16, rue d'Avelghem ~ Xavier Houssin

Quel merveilleux écrivain, ce Xavier Houssin ! Déjà j'étais sous le charme avec "La ballade de Lola", premier roman bouleversant sur la disparition d'une fillette sur le chemin d'école. Avec "16 rue d'Avelghem" l'auteur renoue avec la sensibilité. Suite à la destruction du quartier de son enfance, le narrateur fait revivre cette maison d'un quartier de Roubaix, là où ses parents et leurs nombreux enfants ont emménagé jusqu'à la fin. La fin d'une vie, merveilleusement et à juste dose racontée. Beaucoup de pudeur, d'émotion fine. En des phrases courtes, presque lancées à la mitraillette, l'histoire découle son tapis rouge et met en scène un couple de gens ordinaires dans un quartier des corons près des usines de textile.

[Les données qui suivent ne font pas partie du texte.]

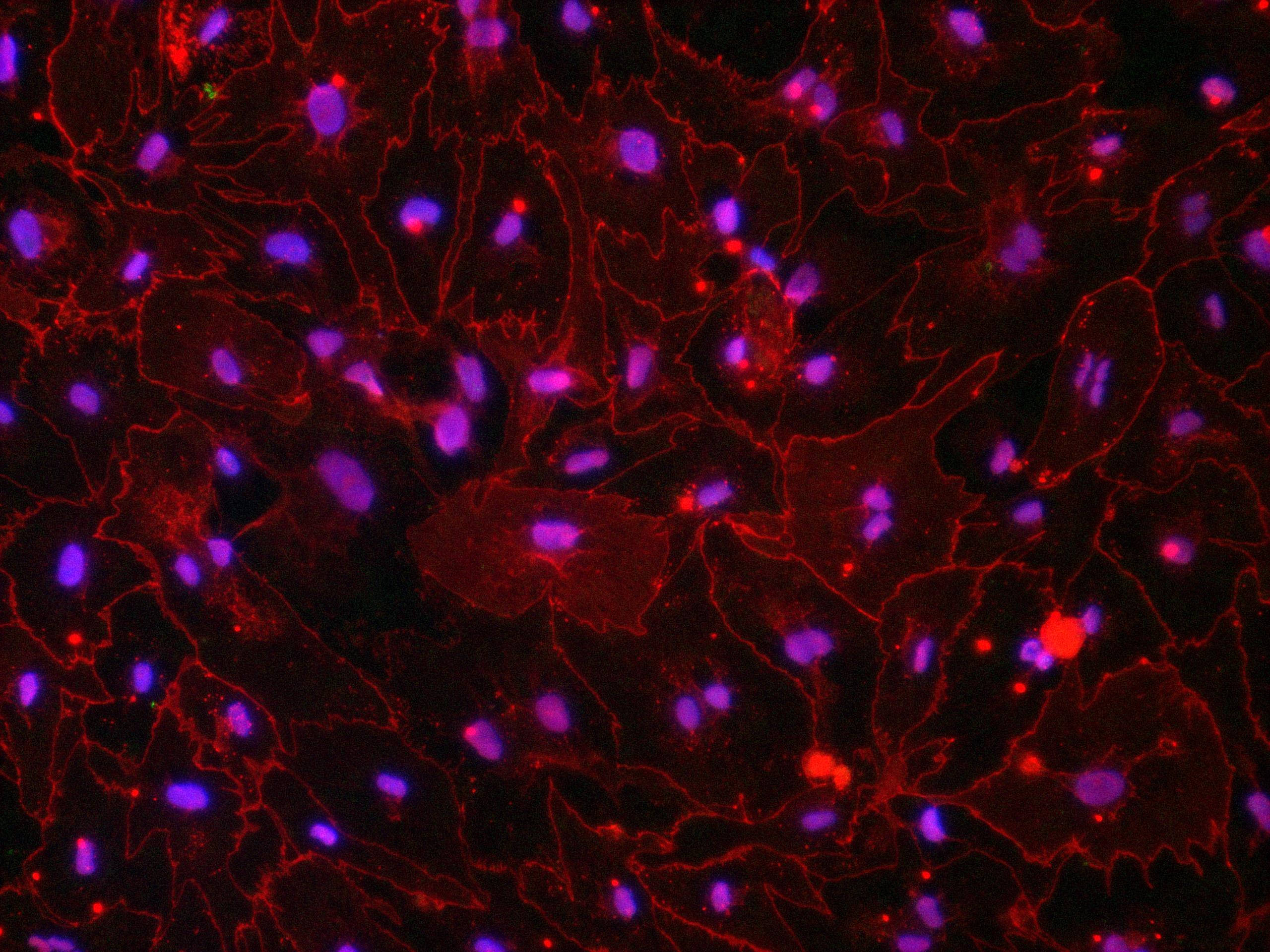 Claudin-5 fluorescence microscopy — Zürich, 2013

C'est tout un pan de vie, toute une époque qui revoit jour. La vie de cette famille, les Lapierre, est bouleversante par ses petits riens et ses ordinaires qui font un grand tout. On tourne les pages, avide de connaître davantage de leurs vies. Les joies, les peines, les doutes, les peurs.
C'est très beau. C'est hélas très court mais ce livre s'inscrit dans la lignée des beaux petits romans inoubliables.